The chefs at L’École Gourmet Valrhona advise you to use a fairly deep cake tin (7cm) for this cake. This way, you will get beautiful patterns in every slice.
Chocolate cake: mini formats for snack time
Here are three chocolate cake recipes suitable for small formats. They are ideal for teatime, with coffee or as a snack.
A nut flour financier recipe with a twist. Here, the tonka bean's aromas combine with Valrhona’s Caraïbe 66% dark chocolate couverture. This dark chocolate is available in a 250g or 1kg bag of fèves.
It's ideal for giving traditional financiers a modern makeover.
If you want to make this recipe, you can watch the step-by-step video. This recipe from L’École Valrhona’s chefs gives you the chance to cook like a professional using their selected ingredients.
We’ve shown you the gluten-free Millot cake recipe, but we’d like to give you a couple of ideas to take it a step further.
Here the cake is molded into small cubes before two preparations are added:
- A glaze made with Millot 74% dark chocolate couverture and chopped almonds.
- Whipped ganache, also made with Millot 74%.
For a birthday snack or teatime, here is the number-one indulgent chocolate-flavored recipe that everyone can love.
This recipe is made with Valrhona’s Oriado 60% organic dark chocolate couverture.
Are you familiar with Oriado? It’s a blend of Valrhona Grand Crus from the Dominican Republic and Peru. This dark chocolate has balanced ripe and tangy fruit flavors. Oriado is an organic chocolate, made from beans grown on a certified Fairtrade Max Havelaar plantation.

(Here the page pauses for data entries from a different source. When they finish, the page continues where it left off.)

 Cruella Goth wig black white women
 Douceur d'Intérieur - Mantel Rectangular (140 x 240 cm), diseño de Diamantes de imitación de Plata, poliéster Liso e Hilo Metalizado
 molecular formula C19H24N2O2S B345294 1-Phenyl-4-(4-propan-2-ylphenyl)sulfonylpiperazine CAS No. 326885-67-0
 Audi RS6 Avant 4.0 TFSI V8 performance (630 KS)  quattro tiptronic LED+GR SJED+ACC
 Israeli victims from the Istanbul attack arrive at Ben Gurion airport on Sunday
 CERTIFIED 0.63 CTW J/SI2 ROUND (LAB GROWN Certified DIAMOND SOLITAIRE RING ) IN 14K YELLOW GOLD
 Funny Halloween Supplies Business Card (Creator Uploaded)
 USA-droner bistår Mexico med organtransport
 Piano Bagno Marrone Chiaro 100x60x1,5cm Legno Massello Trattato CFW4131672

The cupcake topping is a blend of Oriado chocolate and Fruity 50% Almond & Hazelnut Praliné. The whole thing is whipped with a blender and loaded with chopped hazelnuts.

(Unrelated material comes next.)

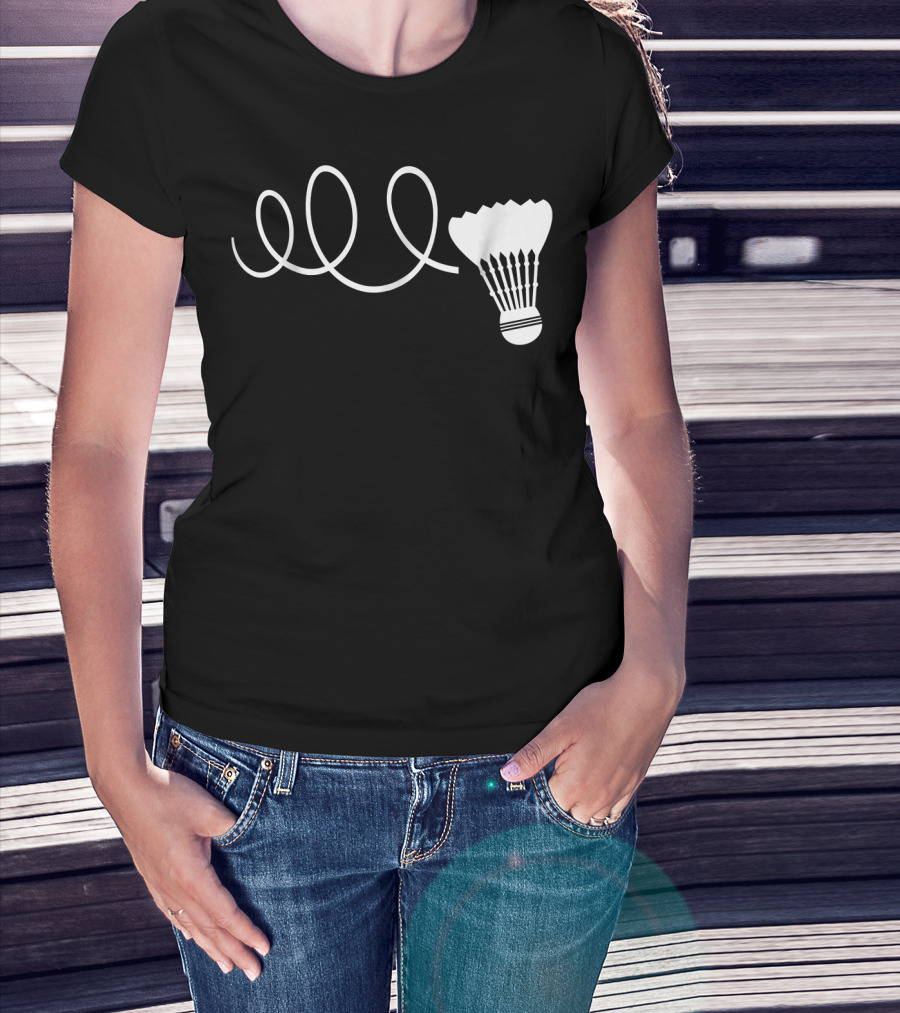 Elo Funny Badminton Shuttle Loop T-Shirt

And for the decoration, consider Crunchy Pearls!
Chocolate cake: the most indulgent recipes (brownie & melt-in-the-middle cake)
Brownie is a much-loved dessert that needs no introduction among chocolate connoisseurs.

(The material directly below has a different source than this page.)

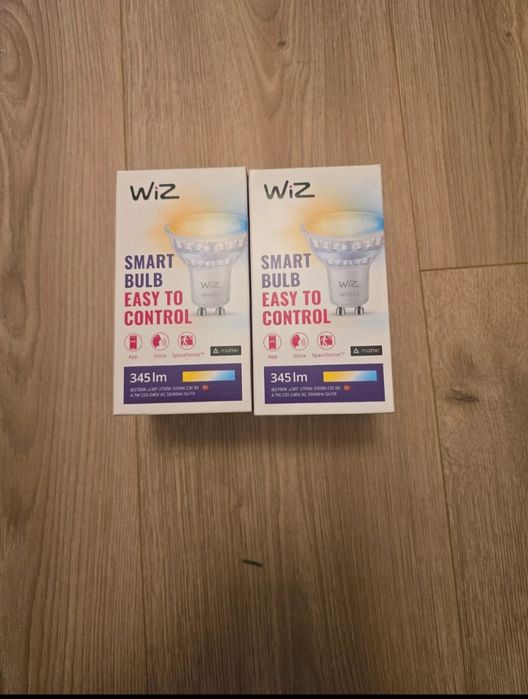 LED WiZ GU10 4,7W 345lm 2szt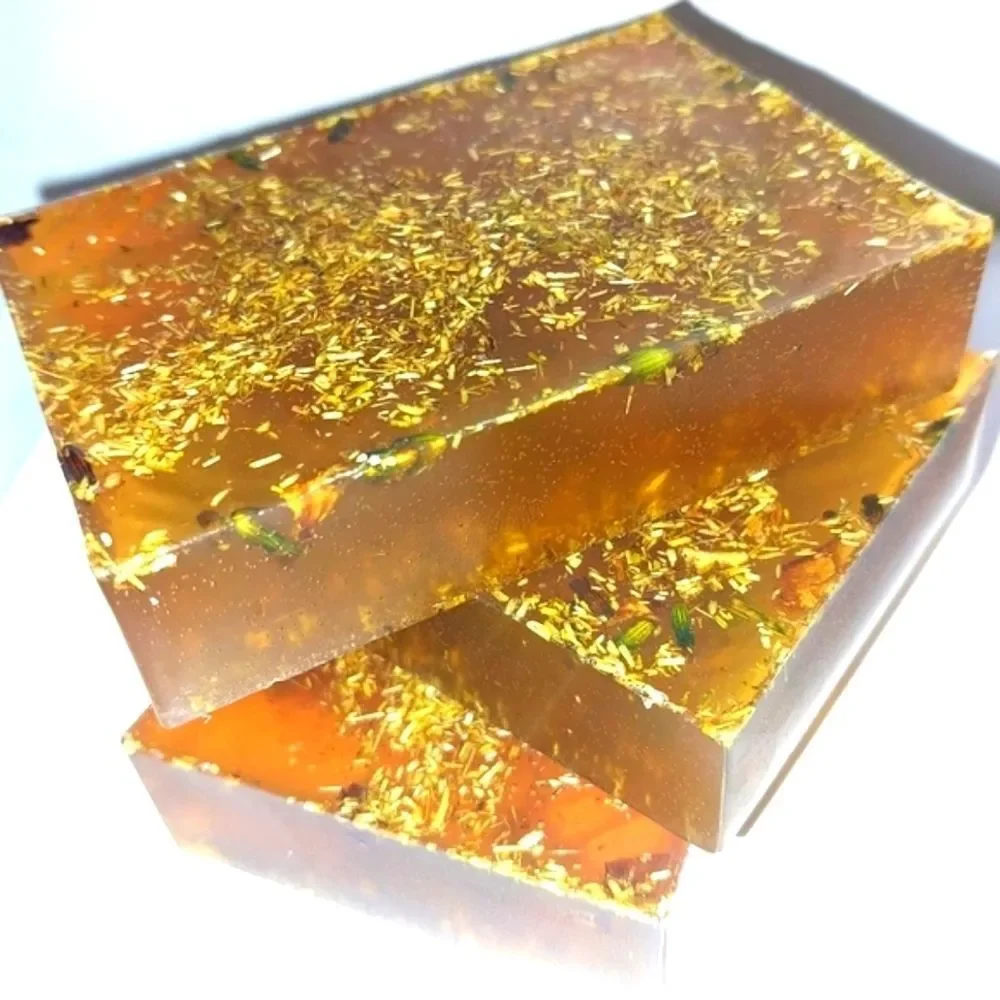 Hand crafted honey herbal chamomile soap bar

Here, the chefs at L’École Gourmet Valrhona suggest you add salted-butter caramel flavored with Norohy vanilla. The caramel slips between two layers of brownie.
And the chefs’ top tip for the caramel? They recommend you cook the caramel to 226°F (108°C) (or for 5 minutes for an equivalent effect), stirring all the while, to make sure it has the right consistency. The resulting caramel will be neither too thick nor too liquid.
This brownie is made with Guanaja 70% couverture, Valrhona’s iconic dark chocolate.
An elaborate brownie in a cube shape for an elegant, tasty dessert.
This recipe’s final touch is its Dulcey whipped ganache. Sosa Cantonese cocoa nibs also add a subtle crunchiness.
Chocolate Melt-in-the-Middle Cake
Is it possible to make an article about chocolate cakes without talking about chocolate melt-in-the-middle puddings? Unthinkable!
This quick, easy chocolate cake recipe will melt your guests’ hearts.
The secret to its success is the Guanaja melting hearts that go in the center of your soft cake.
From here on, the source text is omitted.